By Katelyn Polantz, Annie Grayer and Holmes Lybrand, CNN

The chairman of the Republican Party in Georgia on Friday told the House select committee investigating the January 6 riot that the Trump campaign had directed the party in 2020 to put forward an alternate slate of electors after then-President Donald Trump lost the state’s vote, according to a person familiar with the testimony.

The Trump campaign’s direct involvement in efforts to put forward so-called “fake” slates of electors in multiple states after Biden’s win was previously reported by CNN, but it was not yet known if anyone involved had spoken about the campaign’s directions to investigators.

The fake electors effort is now seen by the committee as a political disinformation tactic used to sow doubt in Joe Biden’s win before the January 6, 2021, Electoral College vote certification in Washington.
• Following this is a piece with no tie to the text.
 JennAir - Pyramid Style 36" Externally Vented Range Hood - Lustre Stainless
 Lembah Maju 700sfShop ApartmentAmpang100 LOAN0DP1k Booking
CNN previously reported that Trump outside lawyer Rudy Giuliani and the Trump campaign had been involved in organizing illegitimate elector slates in seven states.

David Shafer, chair of the GOP in Georgia, served as one of several bogus electors for Trump and had convened Republicans in the state’s Capitol to put together an alternate elector certification in December 2020. He also was a plaintiff in a long-shot legal attempt for Trump to overturn the election in Georgia.

The scheme ultimately didn’t work, and then-Vice President Mike Pence certified the election results in January last year when the congressional session reconvened after being interrupted by a mob of pro-Trump rioters.

“Acting on the advice of counsel in the election contest, Chairman Shafer convened the Republican nominees for Presidential Elector to cast their votes for President and Vice President for the sole purpose of preserving a remedy in the event the lawsuit succeeded,” his attorney, Bob Driscoll, said in a statement after Shafer’s testimony on Capitol Hill.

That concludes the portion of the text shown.